The compiler knows that user is a User, but we're saying "trust me and treat that memory as though it's a Cat". The reason this "works" is because User and Cat have a similar shape. If we swapped the order of Cat's two fields, the code would almost certainly crash. Why? because user.power would become cat.breed.len, causing std.debug.print to try to print a 9001 long string, reaching into memory it does not have access to.

It's possible that you'll never use @ptrCast, but I find it a fascinating example of how the compiler works.

@bitCast

As the name implies, @ptrCast works with pointers, but what if we want to do something for no-pointers? Unfortunately, if we modify the above, removing the pointers and using @bitCast instead of @ptrCast, we get a compile-time error:

pub fn main() !void {
    const user = User{.power = 9001, .name = "Goku"};
    const cat: Cat = @bitCast(user);
    std.debug.print("{any}\n", .{cat});
}

cannot @bitCast to 'Cat'; struct does not have a guaranteed in-memory layout

I don't think there's a technical reason the above doesn't work. It's just that, given Zig structures don't have a guaranteed memory layout, it isn't a good idea and thus is forbidden (although, I can't quite figure out why @ptrCast allows it but @bitCat doesn't!)

This does work though:

pub fn main() !void {
    const n: i64 = 1234567890;
    const f: f64 = @bitCast(n);
    std.debug.print("{}\n", .{f});
}

And prints 6.09957582e-315. If we try this between a boolean an integer, we'll get an error:

pub fn main() !void {
    const b = true;
    const n: i64 = @bitCast(b);
    std.debug.print("{d}\n", .{n});
}

@bitCast size mismatch: destination type 'i64' has 64 bits but source type 'bool' has 1 bits

If we change the type of n from i64 to u1, it works:

pub fn main() !void {
    const b = false;
    const n: u1 = @bitCast(b);
    std.debug.print("{d}\n", .{n});
}

This prints 1. If we changed true to false, we'd get 0.
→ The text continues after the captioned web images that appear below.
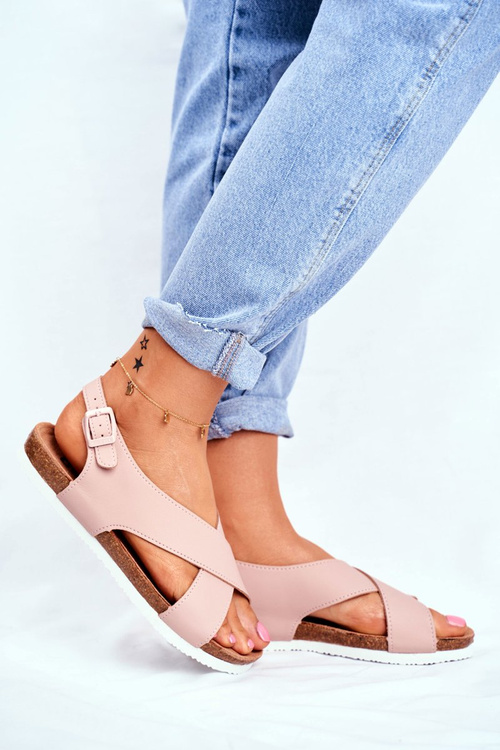 Sandały Damskie Big Star Pudrowy Róż FF274624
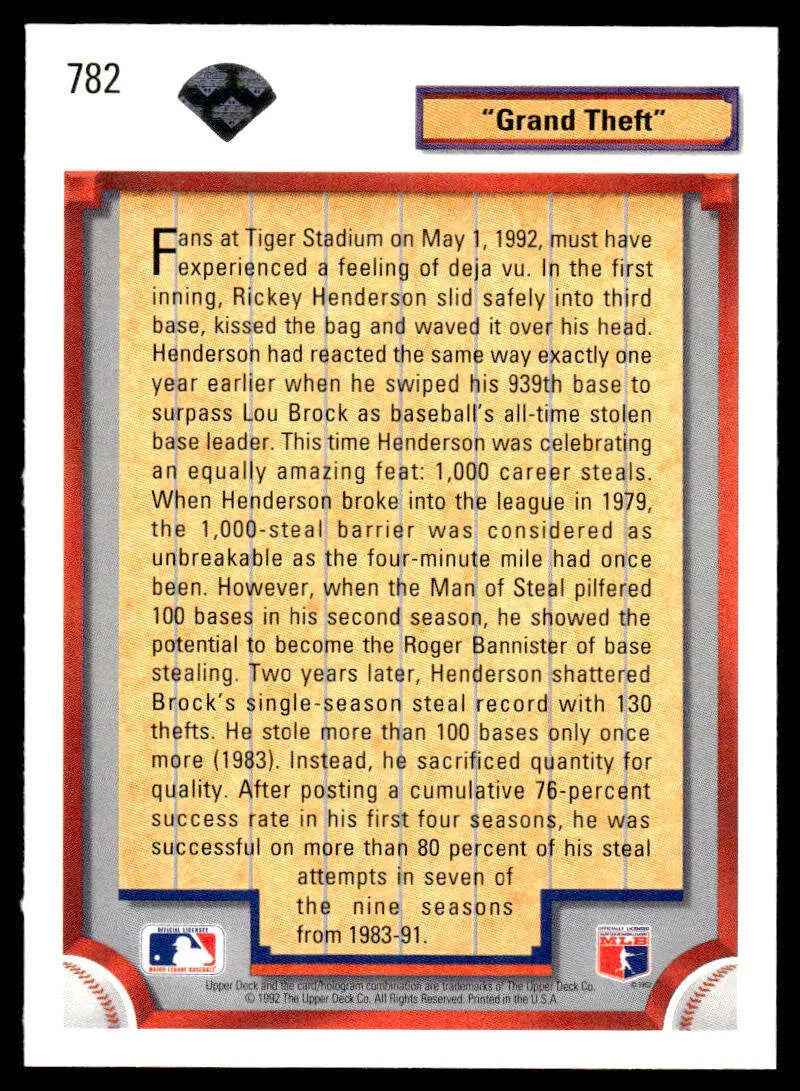 1992 Upper Deck Rickey Henderson Baseball Card with play description at Tiger Stadium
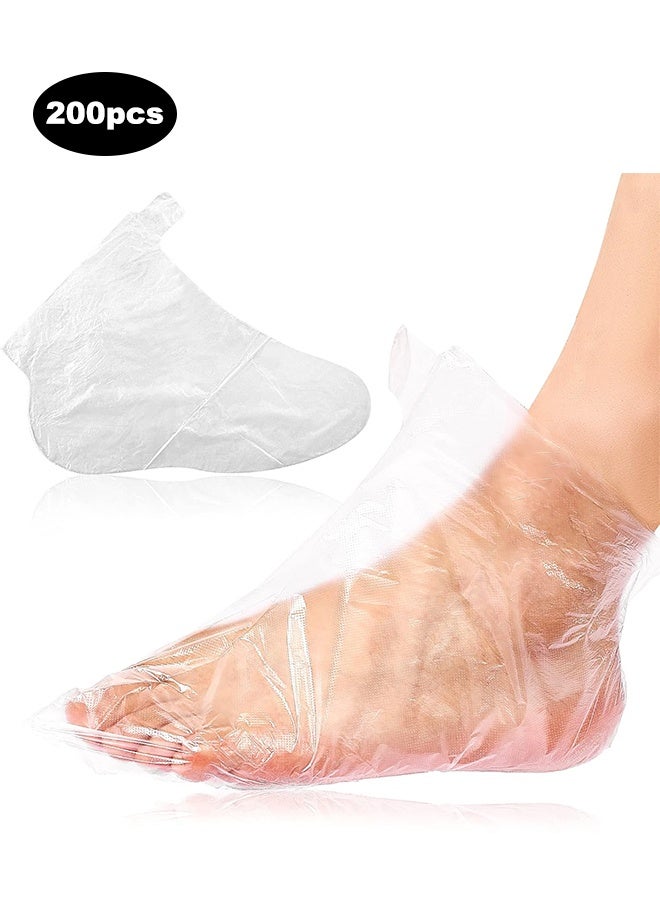 200-Piece Clear Plastic Disposable Booties with Sticker Paraffin Wax Foot Bath Liners Feet Protectors Covers Foot Spa Socks Thermal Therapy Feet Covers Bags - Image 1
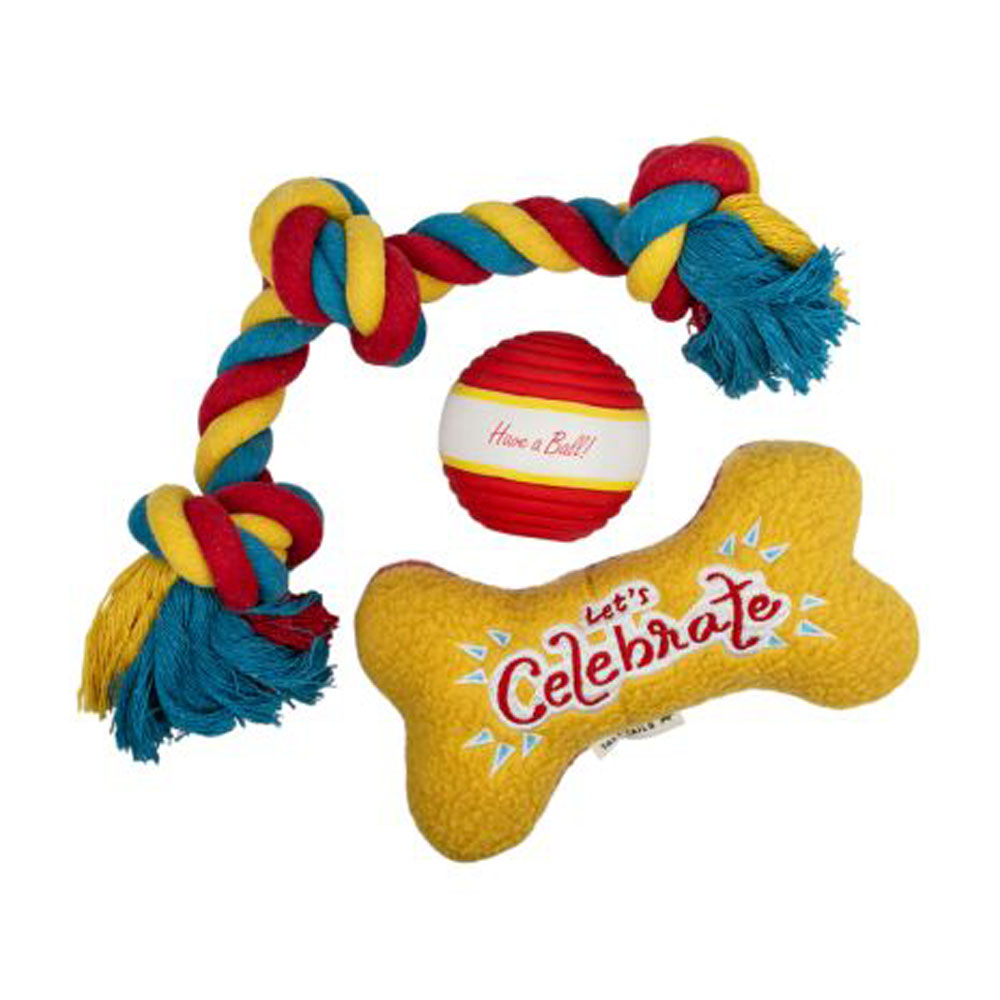 Tall Tails Let's Celebrate 3-Piece Holiday Dog Toy Gift Set – M/L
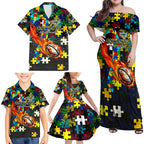 Cowboys Autism Awareness Family Matching Off Shoulder Maxi Dress and Hawaiian Shirt Puzzle Flames Rugby Ball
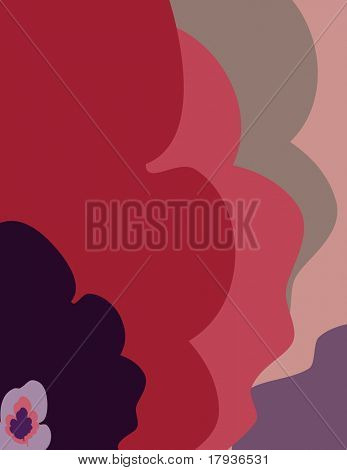 กราฟิกแบบเวกเตอร์ที่แสดงผลด้วยระลอกคลื่นสีสันบทกวีและใบไม้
@bitCast tells the compiler to take a value and treat it as the given type. For example, say that we have the value 1000 as u16. The binary representation for that is 1111101000. If we @bitCast this to an f16, it's the same data, the same binary 1111101000, but interpreted as a float (which is, apparently, 5.96e-5).

Obviously, you generally won't @bitCast from ints to floats or booleans. But it is useful when dealing with binary data. For example, the 4-byte little-endian representation of the number 1000 is [4]const u8{ 232, 3, 0, 0 }. We can use @bitCast to take that binary representation and treat it as an integer:

pub fn main() !void {
    const data = [_]u8{232, 3, 0, 0};
    const n: i32 = @bitCast(data);
    std.debug.print("{}\n", .{n});
}

There are two important things to keep in mind. The first is that this isn't a conversion. There isn't runtime code executing that takes data and turns it into an integer. Rather, this is us telling the compiler to treat the data as an integer.

Secondly, there are various ways to represent any type of data. Above, we said that 1000 is represented as [_]u8{232, 3, 0, 0}, but it could also be represented as [_]u8{0, 0, 3, 232} (e.g. using big-endian) - and there are more than just these 2 ways. So @bitCast only makes sense if you're sure about the bit-representation of the data. Generally, you only want to @bitCast data that comes from your own running program. If you're parsing an external protocol, you should use std.mem.readInt instead. readInt lets you specify the endianness of the data and, interestingly, if the endianness of the data happens the be the same endianness of the platform, it ends up just being a call to @bitCast.